University joins group of Catholic schools in favor of race-based admissions

Notre Dame joined an amicus curiae brief in favor of the practice of affirmative action in admissions, as two key cases on the issue are about to be decided during the Supreme Court’s October Term. 

The two cases, Students for Fair Admissions (SSFA) v. President and Fellows of Harvard College and Students for Fair Admissions v. University of North Carolina, were argued together and will decide the extent to which universities can use race as a factor in college admissions. 

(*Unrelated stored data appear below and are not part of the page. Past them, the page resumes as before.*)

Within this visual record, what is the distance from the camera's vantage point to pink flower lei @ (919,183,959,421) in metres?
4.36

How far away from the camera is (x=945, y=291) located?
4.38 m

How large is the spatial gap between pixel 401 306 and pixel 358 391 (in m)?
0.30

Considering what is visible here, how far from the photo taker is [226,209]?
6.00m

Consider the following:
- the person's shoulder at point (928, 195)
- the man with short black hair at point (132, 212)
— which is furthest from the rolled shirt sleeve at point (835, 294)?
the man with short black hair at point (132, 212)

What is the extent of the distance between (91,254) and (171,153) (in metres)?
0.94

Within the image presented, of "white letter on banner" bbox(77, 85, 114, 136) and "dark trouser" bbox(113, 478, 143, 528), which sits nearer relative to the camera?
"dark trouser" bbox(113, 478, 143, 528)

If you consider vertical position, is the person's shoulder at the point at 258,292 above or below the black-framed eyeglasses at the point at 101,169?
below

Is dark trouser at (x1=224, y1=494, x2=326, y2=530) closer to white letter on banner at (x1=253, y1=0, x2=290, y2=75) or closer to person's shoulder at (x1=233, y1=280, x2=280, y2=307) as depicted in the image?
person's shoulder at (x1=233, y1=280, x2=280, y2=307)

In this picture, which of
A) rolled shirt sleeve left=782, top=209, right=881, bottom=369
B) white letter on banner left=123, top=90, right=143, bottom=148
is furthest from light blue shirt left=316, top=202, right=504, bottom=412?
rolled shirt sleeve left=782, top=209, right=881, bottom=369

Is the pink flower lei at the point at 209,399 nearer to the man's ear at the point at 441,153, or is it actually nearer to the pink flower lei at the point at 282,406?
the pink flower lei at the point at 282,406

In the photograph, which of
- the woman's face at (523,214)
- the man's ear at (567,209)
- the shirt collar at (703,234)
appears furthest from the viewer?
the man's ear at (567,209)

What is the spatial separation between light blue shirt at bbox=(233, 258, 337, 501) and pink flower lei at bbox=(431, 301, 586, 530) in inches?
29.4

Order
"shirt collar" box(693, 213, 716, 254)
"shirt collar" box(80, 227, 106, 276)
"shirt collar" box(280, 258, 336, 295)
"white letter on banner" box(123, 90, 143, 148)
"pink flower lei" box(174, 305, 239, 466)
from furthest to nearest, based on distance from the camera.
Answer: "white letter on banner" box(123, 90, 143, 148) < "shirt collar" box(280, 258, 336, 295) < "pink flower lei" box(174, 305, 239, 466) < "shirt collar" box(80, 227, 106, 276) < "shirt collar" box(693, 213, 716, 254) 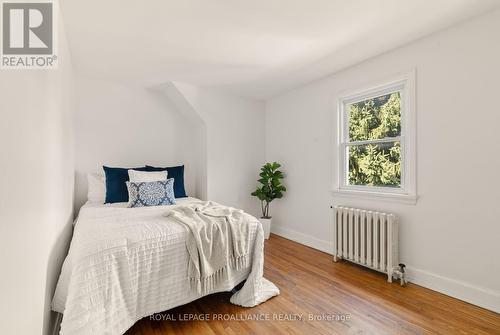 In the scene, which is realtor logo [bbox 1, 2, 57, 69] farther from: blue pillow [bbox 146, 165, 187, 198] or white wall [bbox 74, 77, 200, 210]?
blue pillow [bbox 146, 165, 187, 198]

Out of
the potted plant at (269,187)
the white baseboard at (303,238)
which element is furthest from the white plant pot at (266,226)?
the white baseboard at (303,238)

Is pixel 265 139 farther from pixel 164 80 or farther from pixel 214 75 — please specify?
pixel 164 80

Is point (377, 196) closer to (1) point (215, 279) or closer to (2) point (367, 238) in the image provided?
(2) point (367, 238)

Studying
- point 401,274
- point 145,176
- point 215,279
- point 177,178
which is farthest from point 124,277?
point 401,274

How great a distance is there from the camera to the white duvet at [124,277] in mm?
1357

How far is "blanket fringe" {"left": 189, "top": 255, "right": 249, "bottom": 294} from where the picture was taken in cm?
178

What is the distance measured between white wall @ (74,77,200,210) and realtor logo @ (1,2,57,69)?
1.74 meters

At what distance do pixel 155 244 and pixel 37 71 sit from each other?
47.4 inches

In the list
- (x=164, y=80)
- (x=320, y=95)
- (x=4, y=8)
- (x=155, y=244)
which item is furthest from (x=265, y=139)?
(x=4, y=8)

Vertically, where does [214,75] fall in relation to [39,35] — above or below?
above

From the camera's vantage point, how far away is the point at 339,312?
6.17 ft

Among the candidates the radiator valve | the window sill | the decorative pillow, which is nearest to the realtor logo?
the decorative pillow

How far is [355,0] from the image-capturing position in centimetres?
175

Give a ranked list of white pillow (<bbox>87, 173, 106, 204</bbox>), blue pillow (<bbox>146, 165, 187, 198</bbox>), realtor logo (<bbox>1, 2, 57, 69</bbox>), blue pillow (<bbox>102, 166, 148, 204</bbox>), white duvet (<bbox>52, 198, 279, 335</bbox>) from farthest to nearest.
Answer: blue pillow (<bbox>146, 165, 187, 198</bbox>) → white pillow (<bbox>87, 173, 106, 204</bbox>) → blue pillow (<bbox>102, 166, 148, 204</bbox>) → white duvet (<bbox>52, 198, 279, 335</bbox>) → realtor logo (<bbox>1, 2, 57, 69</bbox>) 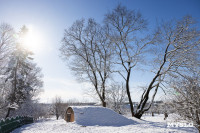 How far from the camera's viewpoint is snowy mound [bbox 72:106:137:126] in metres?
13.6

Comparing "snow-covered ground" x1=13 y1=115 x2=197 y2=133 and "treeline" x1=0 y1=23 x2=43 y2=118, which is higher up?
"treeline" x1=0 y1=23 x2=43 y2=118

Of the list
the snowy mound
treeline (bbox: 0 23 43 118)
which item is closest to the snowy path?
the snowy mound

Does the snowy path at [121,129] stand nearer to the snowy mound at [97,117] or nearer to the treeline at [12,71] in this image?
the snowy mound at [97,117]

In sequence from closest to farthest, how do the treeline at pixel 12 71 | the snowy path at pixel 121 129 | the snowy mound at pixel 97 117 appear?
the snowy path at pixel 121 129 → the snowy mound at pixel 97 117 → the treeline at pixel 12 71

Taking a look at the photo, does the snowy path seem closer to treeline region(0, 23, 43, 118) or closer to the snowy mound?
the snowy mound

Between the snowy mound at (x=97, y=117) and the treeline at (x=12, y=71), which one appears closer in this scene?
the snowy mound at (x=97, y=117)

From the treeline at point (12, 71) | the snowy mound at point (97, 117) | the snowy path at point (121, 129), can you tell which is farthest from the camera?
the treeline at point (12, 71)

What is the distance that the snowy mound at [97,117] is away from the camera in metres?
13.6

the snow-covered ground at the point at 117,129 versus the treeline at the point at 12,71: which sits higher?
the treeline at the point at 12,71

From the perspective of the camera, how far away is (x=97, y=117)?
1450 centimetres

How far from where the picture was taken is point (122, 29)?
17.0m

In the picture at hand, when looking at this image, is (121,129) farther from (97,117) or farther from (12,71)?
(12,71)

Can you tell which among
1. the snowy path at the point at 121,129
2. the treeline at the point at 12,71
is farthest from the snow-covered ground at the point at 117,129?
the treeline at the point at 12,71

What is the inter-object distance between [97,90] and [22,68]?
14.2 metres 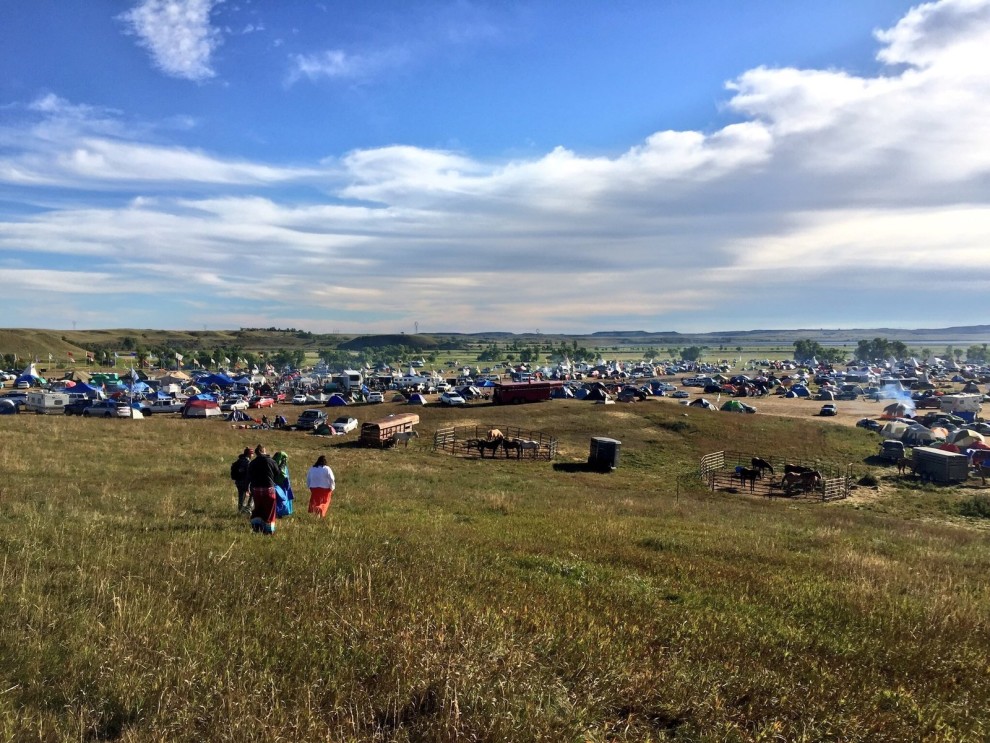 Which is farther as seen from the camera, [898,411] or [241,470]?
[898,411]

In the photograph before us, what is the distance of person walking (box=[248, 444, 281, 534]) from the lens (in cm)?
1024

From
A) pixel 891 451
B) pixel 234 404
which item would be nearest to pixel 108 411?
pixel 234 404

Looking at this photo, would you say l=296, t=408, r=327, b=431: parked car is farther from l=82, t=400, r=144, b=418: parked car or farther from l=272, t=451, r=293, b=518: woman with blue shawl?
l=272, t=451, r=293, b=518: woman with blue shawl

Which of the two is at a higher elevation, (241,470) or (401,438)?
(241,470)

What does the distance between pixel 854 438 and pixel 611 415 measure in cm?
2129

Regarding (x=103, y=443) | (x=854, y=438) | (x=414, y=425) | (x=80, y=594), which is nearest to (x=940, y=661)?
(x=80, y=594)

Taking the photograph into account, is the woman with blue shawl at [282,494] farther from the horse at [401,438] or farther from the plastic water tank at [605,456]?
the horse at [401,438]

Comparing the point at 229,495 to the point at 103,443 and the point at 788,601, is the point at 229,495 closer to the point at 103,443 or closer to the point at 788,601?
the point at 788,601

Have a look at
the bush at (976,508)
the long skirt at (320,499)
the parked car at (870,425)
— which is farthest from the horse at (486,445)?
the parked car at (870,425)

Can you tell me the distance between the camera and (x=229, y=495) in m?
15.9

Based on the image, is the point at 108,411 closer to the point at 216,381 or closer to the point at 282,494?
the point at 216,381

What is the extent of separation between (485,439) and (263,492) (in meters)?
31.4

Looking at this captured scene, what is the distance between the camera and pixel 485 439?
41.4 m

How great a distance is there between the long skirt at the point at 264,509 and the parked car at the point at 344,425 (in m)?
40.5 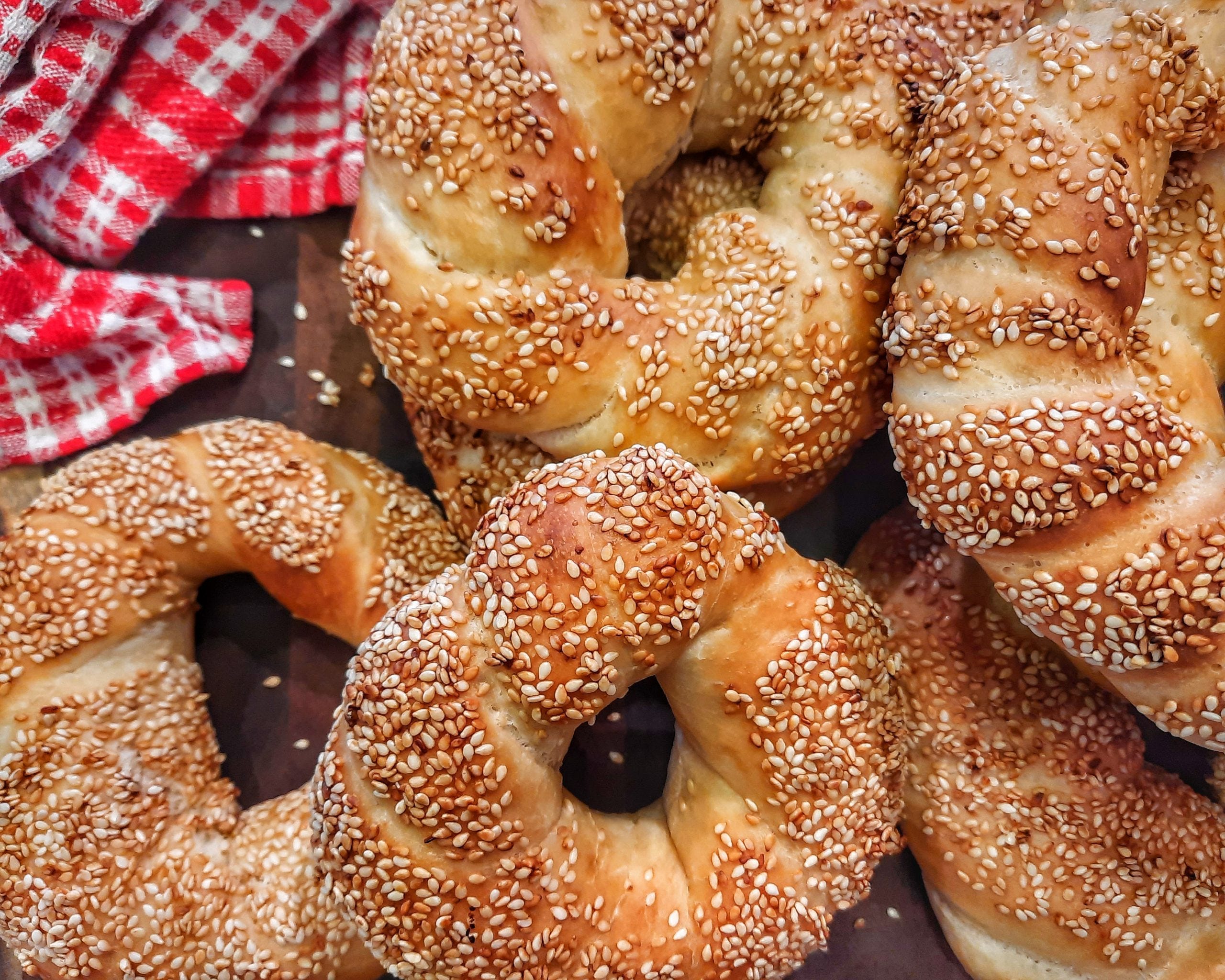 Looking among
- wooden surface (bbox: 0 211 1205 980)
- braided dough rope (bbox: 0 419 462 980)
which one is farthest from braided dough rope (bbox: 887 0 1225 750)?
braided dough rope (bbox: 0 419 462 980)

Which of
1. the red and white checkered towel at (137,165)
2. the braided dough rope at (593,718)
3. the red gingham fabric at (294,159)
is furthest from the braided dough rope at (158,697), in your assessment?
the red gingham fabric at (294,159)

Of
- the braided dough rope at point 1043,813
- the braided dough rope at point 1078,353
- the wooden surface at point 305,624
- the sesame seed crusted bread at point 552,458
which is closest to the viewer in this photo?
the braided dough rope at point 1078,353

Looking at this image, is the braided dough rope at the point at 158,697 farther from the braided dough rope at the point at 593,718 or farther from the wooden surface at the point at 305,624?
the braided dough rope at the point at 593,718

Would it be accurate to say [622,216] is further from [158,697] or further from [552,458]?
[158,697]

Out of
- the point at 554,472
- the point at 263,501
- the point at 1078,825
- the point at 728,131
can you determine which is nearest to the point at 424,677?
the point at 554,472

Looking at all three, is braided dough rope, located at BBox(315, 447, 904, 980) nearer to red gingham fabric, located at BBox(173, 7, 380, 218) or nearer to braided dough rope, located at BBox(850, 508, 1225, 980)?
braided dough rope, located at BBox(850, 508, 1225, 980)

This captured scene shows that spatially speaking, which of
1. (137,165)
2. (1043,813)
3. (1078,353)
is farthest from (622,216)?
(1043,813) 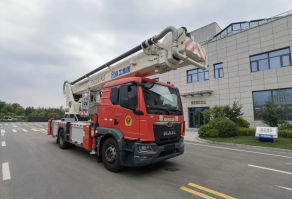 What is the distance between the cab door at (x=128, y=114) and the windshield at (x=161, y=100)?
347mm

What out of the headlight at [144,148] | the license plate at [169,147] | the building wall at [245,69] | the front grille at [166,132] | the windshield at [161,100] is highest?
the building wall at [245,69]

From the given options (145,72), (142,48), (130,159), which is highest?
(142,48)

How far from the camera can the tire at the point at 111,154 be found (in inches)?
163

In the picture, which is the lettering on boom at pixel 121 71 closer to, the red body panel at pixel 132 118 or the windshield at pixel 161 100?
the red body panel at pixel 132 118

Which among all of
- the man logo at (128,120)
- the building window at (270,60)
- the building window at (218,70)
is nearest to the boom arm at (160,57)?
the man logo at (128,120)

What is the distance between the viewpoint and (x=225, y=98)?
55.9 ft

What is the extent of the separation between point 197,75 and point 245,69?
533 centimetres

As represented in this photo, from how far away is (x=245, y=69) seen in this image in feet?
52.1

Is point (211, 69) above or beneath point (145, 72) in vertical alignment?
above

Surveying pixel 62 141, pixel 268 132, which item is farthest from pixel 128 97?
pixel 268 132

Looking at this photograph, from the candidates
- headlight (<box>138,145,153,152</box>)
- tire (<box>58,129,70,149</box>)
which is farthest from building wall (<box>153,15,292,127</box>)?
tire (<box>58,129,70,149</box>)

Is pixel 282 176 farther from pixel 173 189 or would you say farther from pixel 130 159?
pixel 130 159

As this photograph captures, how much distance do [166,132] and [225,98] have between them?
15.4 m

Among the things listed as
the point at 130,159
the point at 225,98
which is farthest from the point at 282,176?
the point at 225,98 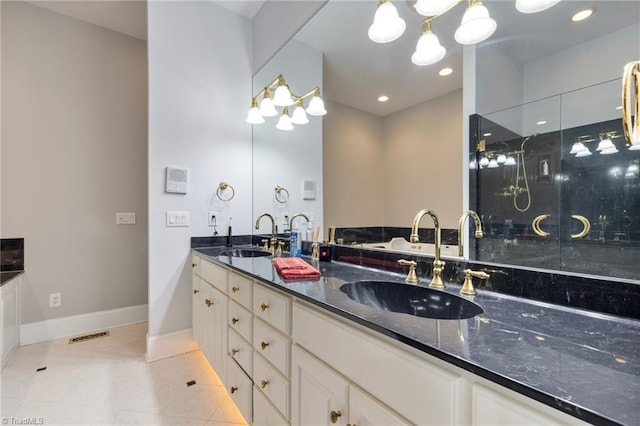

SSFA alleges that Harvard and UNC systematically discriminate against Asian students in the admissions process. Notre Dame and fifty-six other Catholic universities and colleges filed an amicus curiae brief in order to “provide the Court with their unique perspective as to why both their academic and religious missions require discretion to consider applicants’ racial identities alongside a variety of other factors in admissions decisions,” and so they “respectfully urge the Court to affirm the judgment below.” 

If the Court were to affirm the judgment as urged by the schools, Harvard and UNC would be free to continue to consider race in college admissions. On the other hand, if the Court overturns one or both of the circuit court decisions SSFA is appealing, schools all over the country will have to change their admissions processes to become race-neutral.

There is one key difference between the two cases: Since UNC is a public school, it is bound by the Fourteenth Amendment’s Equal Protection Clause, whereas Harvard as a private school is only bound by Title VI of the 1964 Civil Rights Act. This difference means that, in theory, the Court could rule against UNC but in favor of Harvard and thus require public schools to implement race-blind admissions but continue to allow private schools to consider race. 

However, the current framework which the Court laid out in Grutter v. Bollinger (2003) makes no distinction between public and private schools. In that case, the Court held that “student body diversity is a compelling state interest that can justify the use of race in university admissions,” but simultaneously that all candidates must be in competition with all other candidates for admission. 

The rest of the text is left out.